Когда мы со всем этим «богатством» вернулись, то принесли все в отдел. Сумка, правда, к тому времени уже была разорванной. Я стал вспоминать и рассказывать о том, каким образом мы на поле боя провели поиски. «Никаких документов капитана Пирогова я не нашел, – говорил я контрразведчикам. – Есть полевая сумка, которую нашел старший сержант. А я в каком-то месте нашел чью-то ногу в сапоге. Еще ожидал, пока стемнеет, а потом возвращался и ее тащил». Как после выяснилось, полковой сапожник доказал, что этот сапог и нога принадлежат действительно капитану Пирогову. Эти сапоги он ему шил в то время, когда Пирогов был инструктором по снайперскому делу в дивизии. И он сказал: «Эти сапоги шил я!» А после его прислали к нам в качестве комбата. Пирогова, видимо, немцы убили с прямой наводки: снаряд его буквально разнес в клочья. Первое время наши контрразведчики, видимо, считали, что его уволокла немецкая разведка. Но потом этот вопрос прояснился.
Через какое-то время, когда я проходил через этого поле, где погиб капитан Пирогов, там стоял большой холм земли. В этом месте похоронили всех погибших. Если не ошибаюсь, название этого хутора было Каллас. Видимо, нашел там свой покой и капитан Пирогов.
Так как в результате тех самых боев от нашего подразделения почти ничего не осталось, то меня перевели в другой батальон. Затем мы снова оказались в пекле. Нас бросили против так называемой курляндской группировки немцев. В этой группировке, если мне не изменяет память, сосредоточилось 36 немецких дивизий. Я об этом тебе уже рассказывал. Они были блокированы. Нам была поставлена задача: «Расчленить эту группировку!» Мы стали готовиться к предстоящим боям.
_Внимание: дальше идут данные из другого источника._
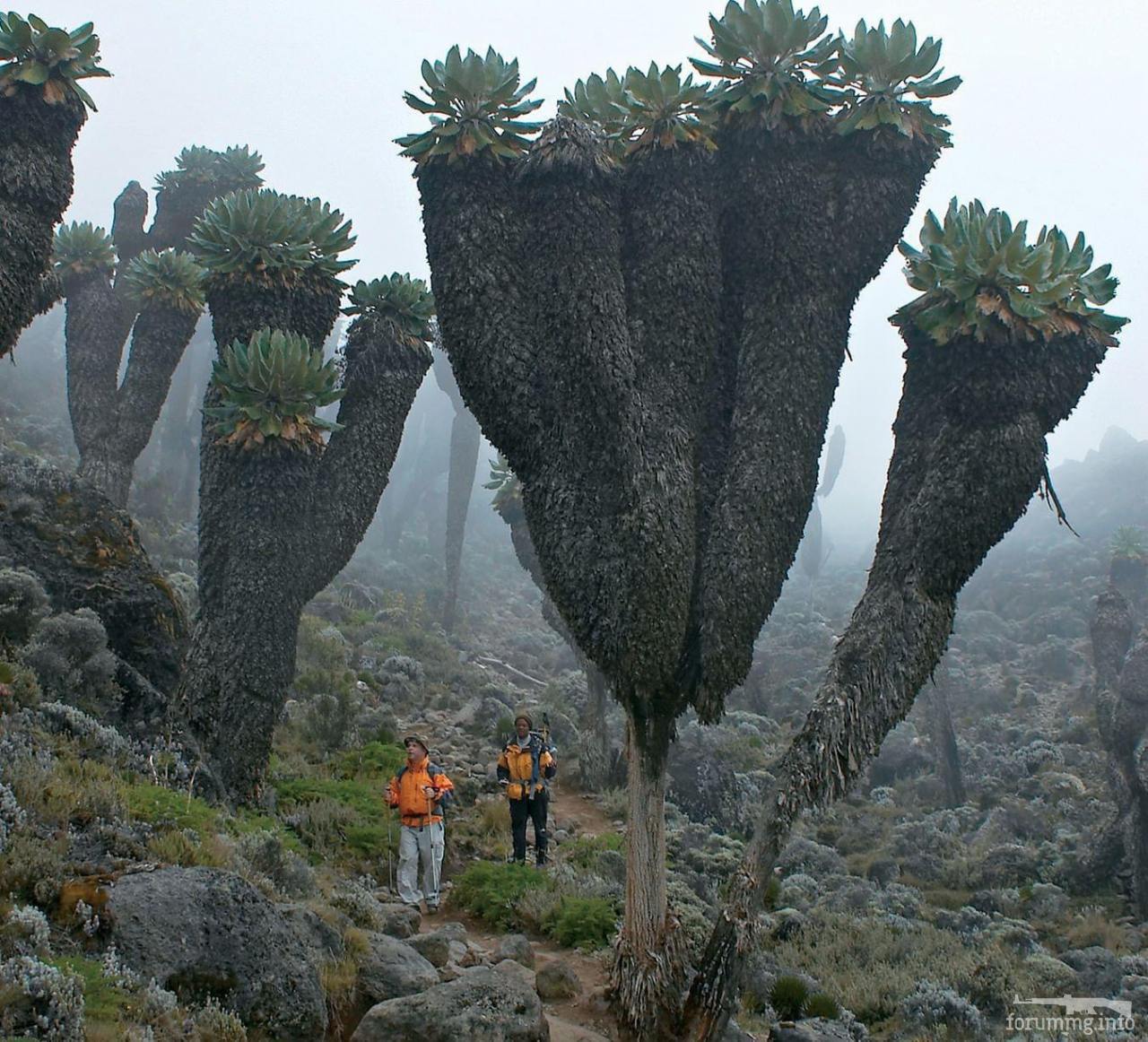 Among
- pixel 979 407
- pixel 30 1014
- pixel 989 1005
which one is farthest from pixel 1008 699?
pixel 30 1014

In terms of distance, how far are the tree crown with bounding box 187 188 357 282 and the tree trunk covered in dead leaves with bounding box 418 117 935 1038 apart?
121 inches

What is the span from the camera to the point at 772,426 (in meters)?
7.21

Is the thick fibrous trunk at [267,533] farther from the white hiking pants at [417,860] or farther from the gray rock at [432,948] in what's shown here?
the gray rock at [432,948]

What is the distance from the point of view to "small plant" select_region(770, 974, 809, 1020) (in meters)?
7.91

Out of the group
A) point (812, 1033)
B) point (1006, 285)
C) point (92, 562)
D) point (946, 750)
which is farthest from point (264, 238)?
point (946, 750)

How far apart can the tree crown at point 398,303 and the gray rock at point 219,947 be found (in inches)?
295

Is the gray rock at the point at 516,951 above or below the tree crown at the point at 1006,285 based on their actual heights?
below

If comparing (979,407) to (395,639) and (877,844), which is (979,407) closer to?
(877,844)

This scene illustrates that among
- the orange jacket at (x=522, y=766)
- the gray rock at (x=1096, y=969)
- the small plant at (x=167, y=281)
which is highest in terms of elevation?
the small plant at (x=167, y=281)

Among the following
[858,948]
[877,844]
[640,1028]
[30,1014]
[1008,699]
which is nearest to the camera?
[30,1014]

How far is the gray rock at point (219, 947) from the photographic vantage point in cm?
457

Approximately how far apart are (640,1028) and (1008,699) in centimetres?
2316

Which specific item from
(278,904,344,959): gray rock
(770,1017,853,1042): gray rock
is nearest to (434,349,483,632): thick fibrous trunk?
(770,1017,853,1042): gray rock

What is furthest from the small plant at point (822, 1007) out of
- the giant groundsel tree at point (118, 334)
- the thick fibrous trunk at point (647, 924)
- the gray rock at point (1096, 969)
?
the giant groundsel tree at point (118, 334) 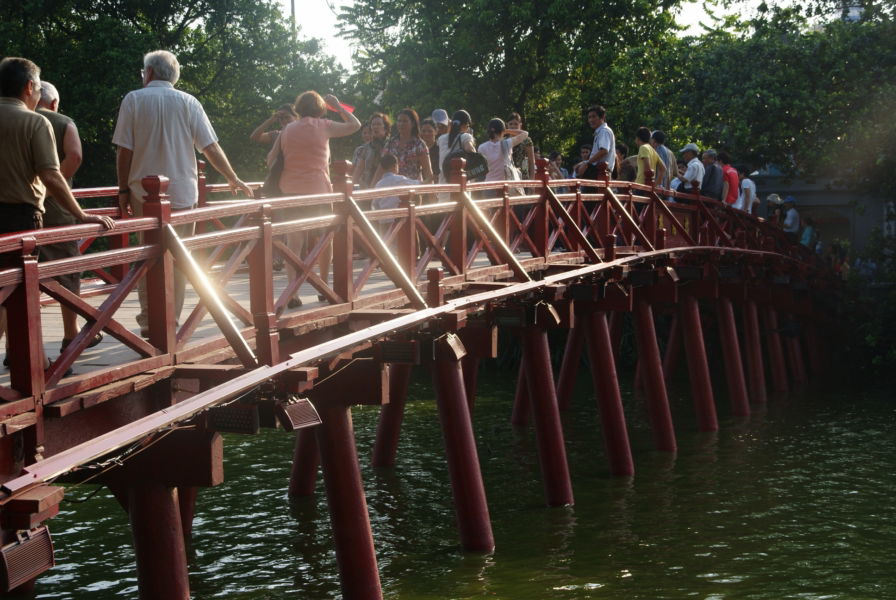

Для этого через какое-то время к нам в батальон дали пополнение. В основном это были мужики старше 50 лет. Ими, как правило, в основном оказывались снятые с должностей ездовых тыловики. Это были, как правило, люди самых разных национальностей. Из молодых были только, может быть, пулеметчик и некоторые командиры отделений. Меня после этого назначили на должность помкомзвода (помощника командира взвода). Но так как командира взвода не было, его обязанности выполнял фактически я.
В этот же день – 19-го ноября, в праздник Дня артиллерии – мне вручили комсомольский билет. Мне этот день запомнился на всю жизнь. Мы находились на переднем крае, около небольшого и свободного лесистого участка, который просматривался немцами и обстреливался их пулеметным огнем. Короче говоря, немецкий пулеметчик совершенно не давал нам покоя. Едва я прибыл на передовую, как наши старшины принесли наркомовский спирт. Стоит отметить, что его постоянно к нам на фронт привозили. Бывает, немножко его хлебнешь, снежком заешь, и почувствуешь какую-то бодрость.
Я свою норму выпил. Вдруг подходит ко мне мой подчиненный солдат, из того самого пополнения азиатов, и говорит: «Товарищ командир, моя не пьет. Выпей за меня». Ну что ж? Я за него выпил. Спустя какое-то время то же попросил еще один солдат. Потом я выпил норму за третьего бойца. После этого прошло некоторое время, как вдруг я почувствовал себя пьяненьким. Ведь я как минимум выпил более 300 граммов спирта.